Weltweite Rüstungsausgaben steigen auf Höchststand
Deutschland steckt rund 52,8 Milliarden Dollar ins Militär und investiert mehr Geld als Frankreich
STOCKHOLM (dpa) - Trotz globaler Corona-Krise und dem damit verbundenen Wirtschaftseinbruch haben die Länder der Erde im abgelaufenen Jahr erneut mehr Geld in ihre Militärapparate gesteckt. Wie das Stockholmer Friedensforschungsinstitut Sipri am Montag mitteilte, stiegen die weltweiten Militärausgaben im Jahr 2020 inflationsbereinigt um 2,6 Prozent auf schätzungsweise 1,981 Billionen Dollar (rund 1,65 Billionen Euro). Das sei ein Höchststand seit Beginn vergleichbarer Schätzungen im Jahr 1988.
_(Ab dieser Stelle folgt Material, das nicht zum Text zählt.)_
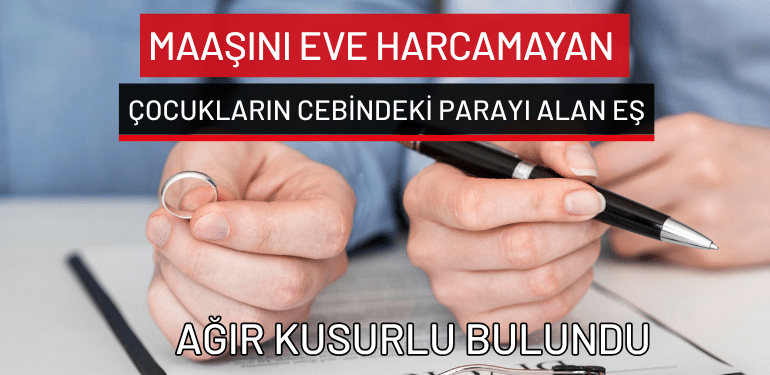 Maaşını eve harcamayan ve çocukların cebindeki parayı alan eş ağır kusurlu bulundu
Im Vorjahr hatten die Friedensforscher wegen der Corona-Krise damit gerechnet, dass 2019 vorerst ein Höchststand erreicht worden sei. Nun hieß es, tatsächlich hätten einige Länder wie Chile und Südkorea ihre für die Verteidigung vorgesehenen Mittel 2020 teilweise für die Reaktion auf die Pandemie verwendet, andere wie Brasilien und Russland hätten erheblich weniger als ursprünglich geplant ins Militär gesteckt. An einem weiteren globalen Ausgabenanstieg änderte all das jedoch nichts – und auch nicht am unangefochtenen Spitzenreiter, den USA. Die Vereinigten Staaten erhöhten ihre Militärausgaben um 4,4 Prozent auf schätzungsweise 778 Milliarden Dollar. Damit waren die USA für 39 Prozent aller Militärausgaben weltweit verantwortlich. Zum Vergleich: Die US-Ausgaben entsprachen denen der zwölf darauffolgenden Staaten zusammen. Auf die USA folgen die beiden bevölkerungsreichsten Länder der Erde: Chinas
Ausgaben wurden von Sipri nach dem 26. Jahresanstieg in Serie auf 252 Milliarden, die von Indien auf 72,9 Milliarden Dollar geschätzt. Dahinter landen Russland (61,7 Mrd. Dollar), Großbritannien (59,2 Mrd.) und Saudi-Arabien (57,5 Mrd.) – und dann kommt auch schon Deutschland, das knapp vor Frankreich auf Rang sieben liegt.
Angesichts von Nato- und US-Forderungen nach gesteigerten Verteidigungsausgaben legte die Bundesrepublik um 5,2 Prozent auf geschätzte 52,8 Milliarden Dollar zu – dem höchsten Niveau seit 1993. Damit sind diese Ausgaben seit 2011 um 28 Prozent gestiegen, im weltweiten Durchschnitt waren es 9,3 Prozent.
Friedensorganisationen halten die gestiegenen deutschen Militärausgaben für einen politischen, sozialen, ökologischen, ökonomischen und ethischen Skandal. Sie plädieren für einen grundsätzlichen Paradigmenwechsel in der Sicherheitspolitik. Und auch Heike Hänsel, stellvertetende Fraktionsvorsitzende der Linken im Bundestag, kritisierte: „Wir brauchen eine Ausgabenoffensive bei Gesundheit und Bildung, und nicht beim Militär.“SPD-Chef Norbert Walter-Borjans räumte ein: „Die Ausgaben und vor allem die Exporte von Rüstungsgütern machen uns Sorgen.“Man könne die Rüstungsausgaben aber nicht an das Wirtschaftswachstum koppeln.
Das Nato-Ziel, zwei Prozent des Bruttoinlandsprodukts für das Militär aufzuwenden, verpasst Deutschland aber dennoch weiterhin klar.